京大の卒業祝いの落雁、研究林間伐材で作った祝い箸へ
卒業式でもらうものは、
卒業証書と記念品
だけれども、京大の場合は記念品は
大きな紅白落雁
だった。さすがに京都だけあって、有名な菓子司のもので、餡入りだったような記憶がある。この手の落雁は
形だけでおいしくない
のが相場だが、この落雁はまあまあだった。箱の裏に菓子司の名前が入ってるから、おいしくなかったら、どこから文句が出るかわからないのが京都だ。京大には、華族の末裔とか華道・茶道などの家元の関係者とか有力寺院の子弟とかが在学・在職しているので、菓子司にとっては地雷だらけだ。
で、この落雁が、
下宿生が多い京大生にとっては巨大すぎる落雁
なのである。切り分けて食べてちょうどいいくらいの大きさなのだ。家族が卒業式に来ていればいいが、そんな学生ばかりじゃないし、すぐに就職などで京都を離れる人にとっては悩みの種で、卒業式の後に研究室に行くと、
俺、食べられないから、みんなで食べて
と、落雁の箱が置いてあったりするのだった。おいしいお茶でもあれば、餡入り落雁は悪くないのだが、貧乏な学生ばかりの研究室だから、そんな贅沢も言えない。
で、卒業式に出ないで後から卒業証書を取りに行っても、余ってたら落雁をくれたんじゃなかったっけ。ものすごく遅れて取りに行っても、落雁をもらって、絶句していた先輩がいたような気がする。
文学部の場合は、建て直される前は、卒業式の後に
名誉教授室で学部長から直々に卒業証書授与
以文会の入会記念ティーパーティ
があったけど、最近どうしてるか知らない。
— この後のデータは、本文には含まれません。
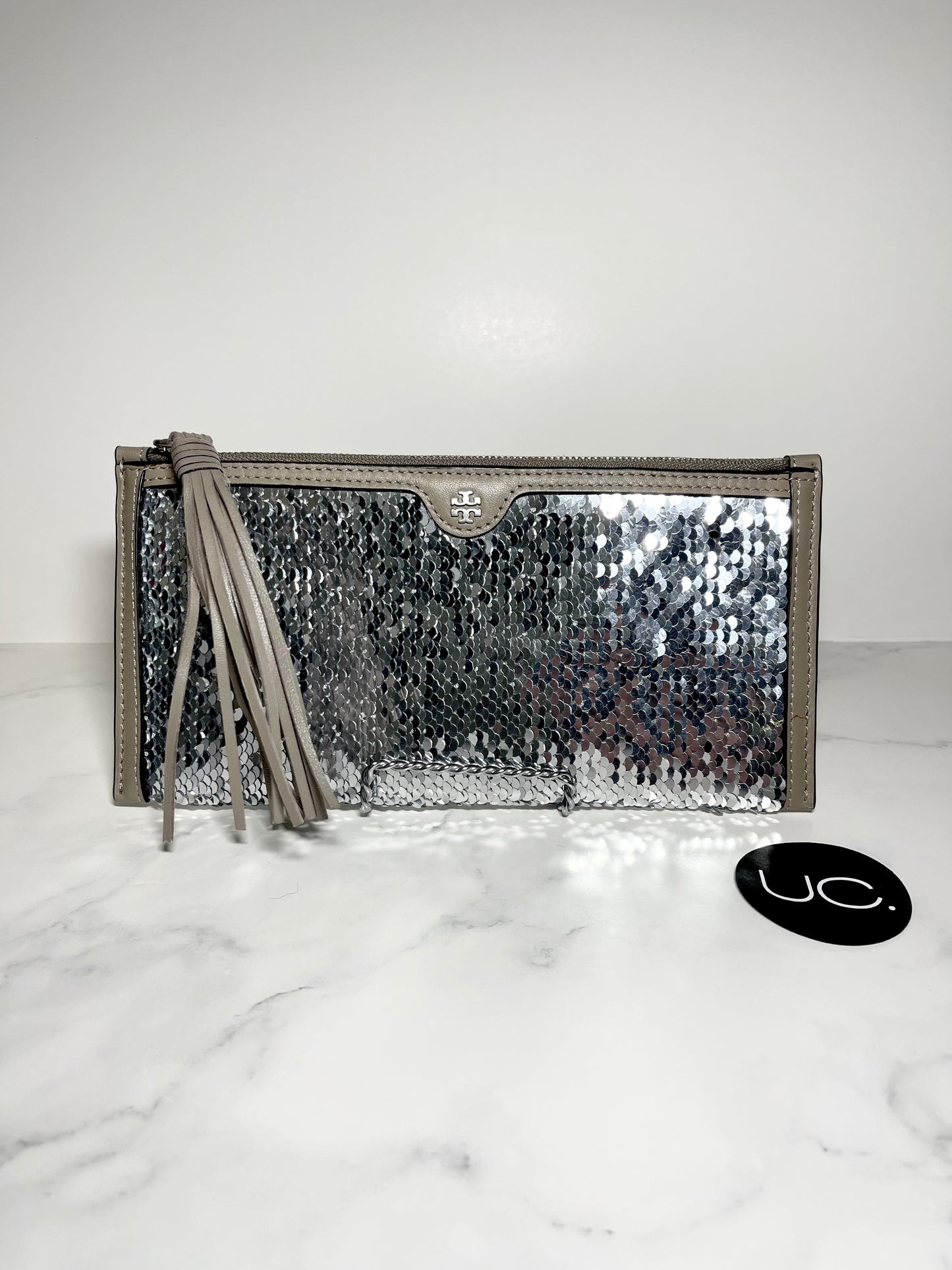 Tory Burch Sequin Tassel Clutch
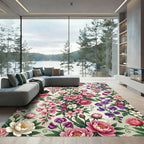 Romantic Pink Peony Blossom Floral Rug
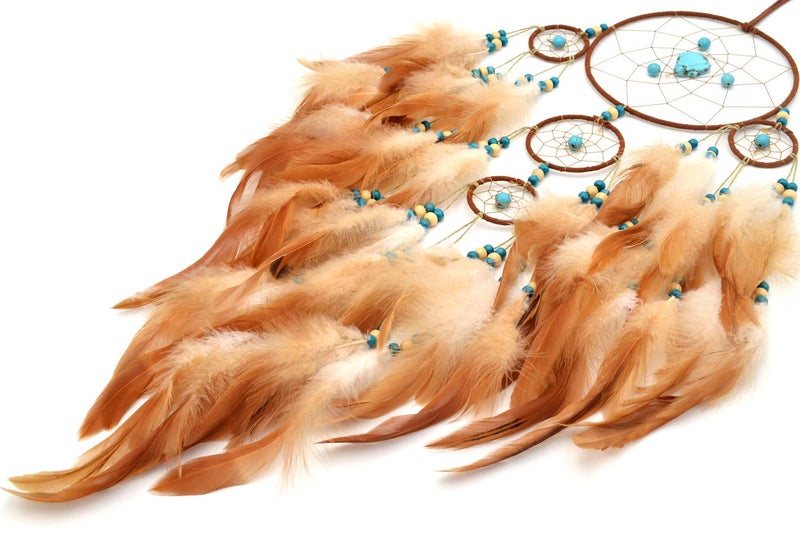 Urdeoms Big Brown Dream Catcher Wall Decor for Girls Women Boho Dream Catchers for Bedroom Adult Boys Teen Room Decor with Turquoise Hanging Ornament and Feathers Blessing Gifts(NO.31) - Image 5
名誉教授室という古き良き帝国大学時代の遺物は、講座の増加があったせいだったか、前世紀になくなり、英語英文学かどこかの研究室に化けたような記憶がある。その旧館もとっくにない。
何かあれば
紅白の薯蕷饅頭
を配るのは京都のしきたりだが、国立大学にも受け継がれていて、創設の歴史が浅かった、博士課程の大学院でも、何か研究所の祝い事があれば、紅白饅頭をもらった。これもやはり名のある菓子司のものだった。腰高の薯蕷饅頭はおいしい。
恩師の退官記念パーティで頂いた引き菓子は、
末富に特別に作らせた美しい金団
で、茶道サークルの顧問を務められていた先生にふさわしいお菓子だった。
このように
祝い事とお菓子は切っても切れない京都
だったのだが、尾池総長が
しきたりよりも環境問題が大事
と、
落雁をやめて、研究林の間伐材から祝い箸を作って贈る
ことにしたという。
朝日より。
卒業記念の祝い箸、研究林の間伐材で 京大総長が考案
2007年03月17日祝い箸を持つ尾池和夫・京都大総長
http://www.asahi.com/kansai/news/image/OSK200703170051.jpg京都大は、26日に卒業する学部生約3千人への記念品に、研究林のスギ間伐材で作った祝い箸(ばし)を贈る。従来の落雁(らくがん)(干菓子)に代え、尾池和夫総長(地震学)が発案した。
「京都大学」の焼き印入りで長さ50センチ。耐震建築に間伐材を再利用する研究からヒントを得た。割り箸の案も出たが「捨てて焼かれると炭酸ガスを出す」とやめた。
伐採から約半年かけて作り、経費は約230万円。尾池総長は願う。「箸にも棒にもかからないではなく、世界の橋渡しをするような人物になってほしい」
まあ、最近の学生諸君は、落雁でもないだろうからなあ。
ただ、落雁を納めていた菓子司とどういう風に話をつけたのかが気になるな。なんせ、京都だし。